Mereka menghasilkan karya-karya fenomenal yang hingga kini masih tetap mengabadi. Kitab-kitab mereka dipelajari dan dikaji oleh generasi-generasi berikutnya sebagai sumber ilmu, rujukan mengolah iman, dan suluh mengimajinasikan bangsa. Meski mereka sudah tiada, namanya tetap diingat sebagai ulama yang produktif dalam menulis. Jihad mereka, jihad keabadian. Mereka telah bekerja melampaui jauh sebelum Pramoedya berucap, "Menulis adalah bekerja untuk keabadian." Itulah salah satu manifestasi ikhtiar ulama masa silam yang memberi sumbangsih terhadap literatur khazanah peradaban Islam.

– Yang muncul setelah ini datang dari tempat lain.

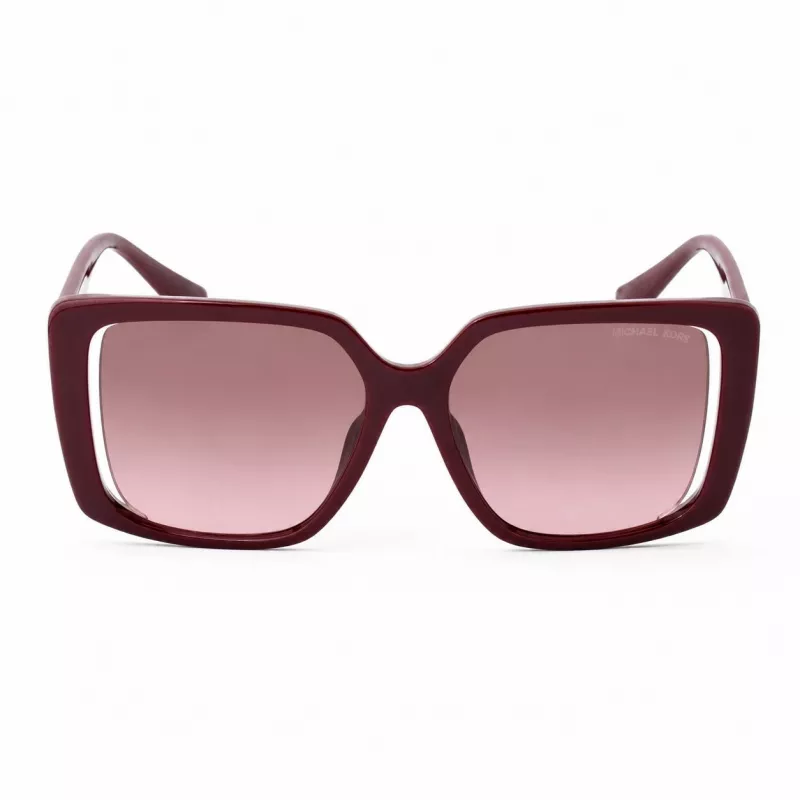 Michael Kors dámske slnečné okuliare Butterfly MK2238UOXBLOO modrý gradient 55mm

Maka benar jika Azyumardi Azra suatu kali dalam perjumpaan intelektual Muslim mengatakan, "Peradaban Islam adalah peradaban buku-buku; jalan hidup Muslim dipandu buku; dan kita menemukan nilai hidup kita hanya dalam buku-buku. Tuhan kita termanifestasi dalam buku; dan identitas kita terbentuk oleh buku-buku. Jadi bagaimana bisa ada orang di antara kita yang merusak buku. Dan menjadi penghianat buku-buku."
Dengan menoleh ke geliat literasi ulama masa silam justru kian menumbuhkan eksplorasi imajinatif untuk lebih getol memajukan adab literasi. Pada titik ini santri telah berhasil mengafirmasi pepatah Yunani kuno "Historia Magistra Vitae". Sejarah adalah guru kehidupan. Dan, di dalam sejarah kita akan bertemu dengan mercusuar inspirasi yang berpendar relevan bagi masa depan. Termasuk inspirasi dari ulama masa silam.
Di era digital saat ini, pesantren masih tetap ajeg dengan geliat etos literasi. Para santri tetap nyaman menekuni laku literasi dengan tetap berpangku pada nilai-nilai kepesantrenan tanpa terpengaruh oleh gemuruh isu-isu provokatif yang bertebaran di media sosial. Seolah terjadi semacam pemuliaan terhadap adab literasi di pesantren. Dari literasi pesantren diharapkan mampu menjadi kiblat bagi pemajuan selebrasi adab literasi bangsa kita yang hampir terperosok ke tubir mengerikan kehancuran literasi yang menurut laporan Central Connectut State University (2016) menempati peringkat 60 dari 61 negara. Semoga.